The geometry holds. Given a spherical Earth, parallel sunlight, and two cities on the same meridian, the method works.

The problem with the accuracy claim

Here is where the familiar version gets ahead of the evidence. Converting 250,000 stadia into kilometres requires knowing how long a stadion was, and that length is disputed.

If Eratosthenes used a stadion of around 157 metres, often called the Egyptian value, the result lands near 39,000 to 39,700 kilometres, against a true figure of roughly 40,000. That is the famous error of one or two per cent. If instead he used the Attic or Olympic stadion of about 185 metres, the same 250,000 stadia translate to something closer to 46,000 kilometres, an error of ten to fifteen per cent.

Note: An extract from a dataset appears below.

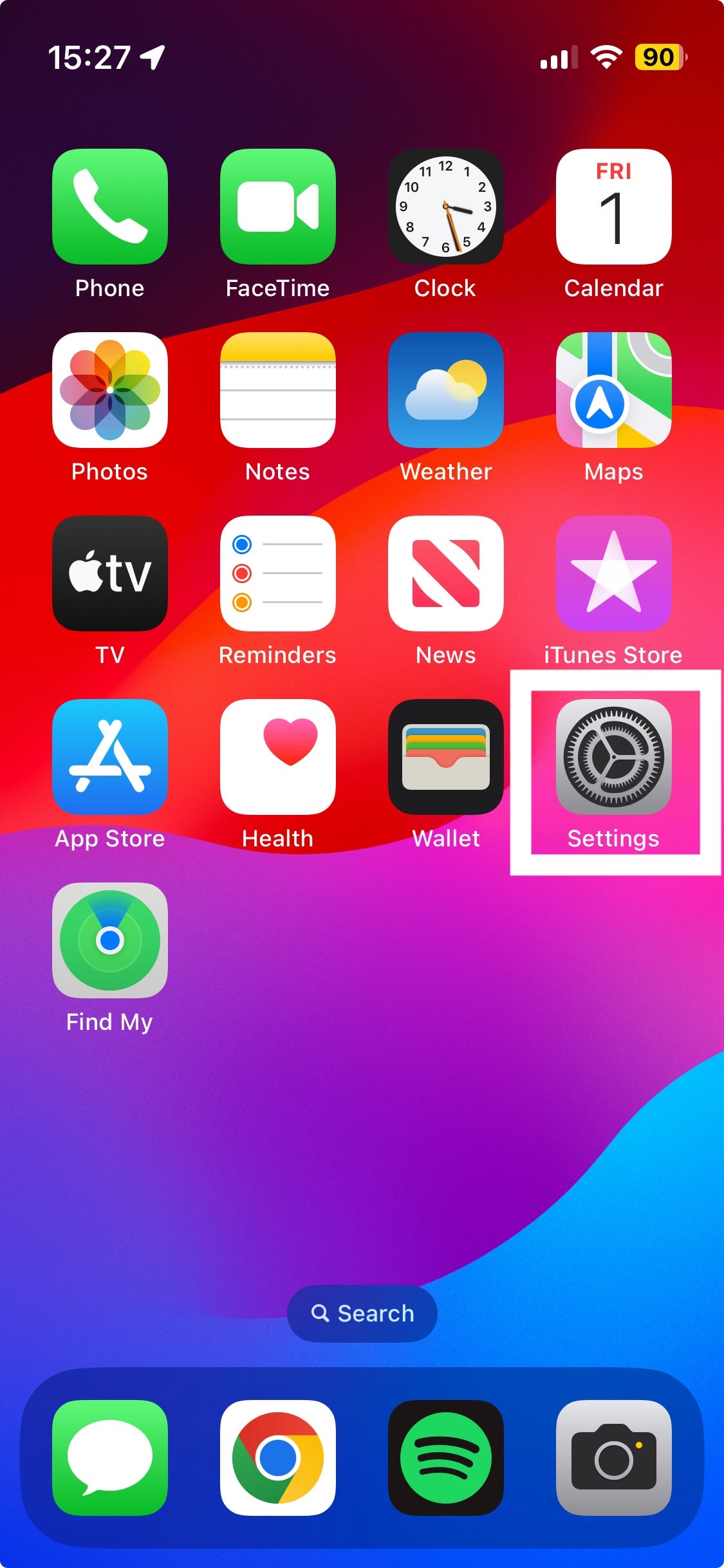 So verwenden Sie WLAN Anrufe auf dem iPhone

We do not know which unit he used. The original treatise is lost. As Britannica puts it, the length of the stadia is doubtful and the accuracy of the result is therefore uncertain, with estimates of the error ranging from about half a per cent to seventeen per cent depending on the assumption.

So the headline number is not wrong, exactly. It is one reading among several, and it happens to be the most flattering one. The honest position is that his result was in the right range, and that how close it came to the right range is something we cannot settle.

The approximations that did not all pull the same way

Even setting the unit aside, several approximations were baked into the measurement, and they did not all push in the same direction.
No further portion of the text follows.